Sono i due migliori dirigenti sportivi italiani di sempre?
«Senza dubbio, hanno espresso il meglio di questo mondo: competenza, stile, garbo. Poi ognuno ha i suoi modi: non siamo tutti uguali, non siamo tutti perfetti. Qualche difetto ce l’abbiamo tutti, però si parla di due dirigenti di altissimo livello. Ci vorrebbero più persone come loro, merce rara nel calcio di oggi».
Nata come rivalità, la loro è diventata un’amicizia.
«Beh, la rivalità è stata sempre e solo sportiva: parliamo di persone che si vogliono bene e si rispettano, vanno anche spesso a cena insieme.
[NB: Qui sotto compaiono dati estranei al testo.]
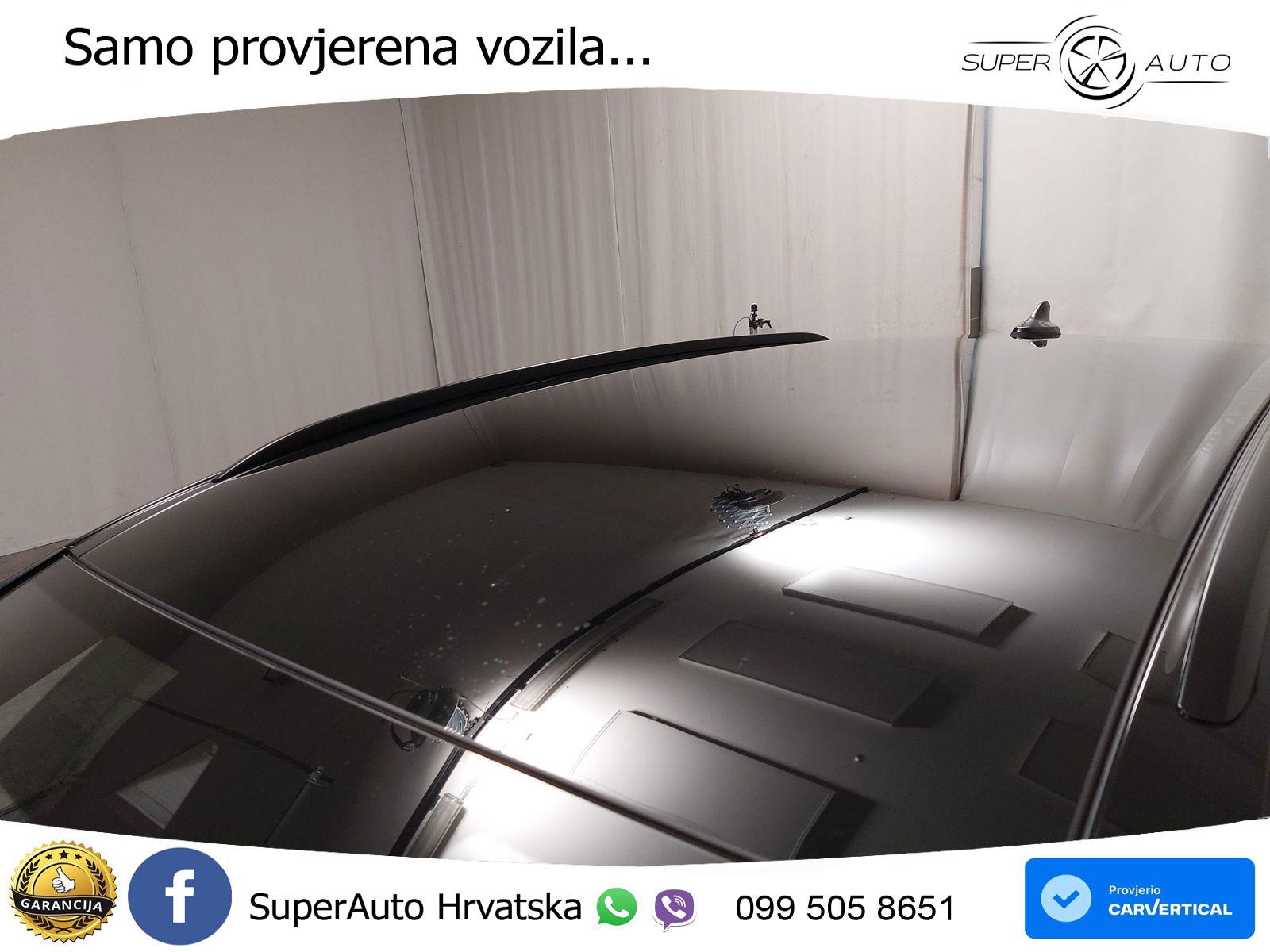 Volkswagen ID.4 GTX 82 kWh (299 KS) 4MOTION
Gente di livello: c’è dietro una grande scuola, di vita e di calcio. Due personaggi incredibili».
Si può dire che Galliani sia stato l’ultimo grande dirigente del calcio dei mecenati e Marotta il primo dell’era dei fondi?
«Il calcio è sempre uguale. Secondo me bisogna rispettare certi valori, che non hanno età: il calcio italiano deve ripartire dalla classe dirigenziale. Il pallone è un sentimento, non può essere solo soldi e business: bisogna trasmetterlo nuovamente. Io non parlerei di due ere diverse: la priorità è sempre stata quella di trovare un equilibrio, sportivo ed economico-finanziario. Ci sono stati grandi presidenti e dirigenti in passato, che il calcio lo vivevano come una passione. Oggi si parla solo di bilanci: se ne parlava anche prima, per carità, ma la verità è che alla fine il tifoso va allo stadio per vedere la propria squadra vincere. La passione smuove tutto».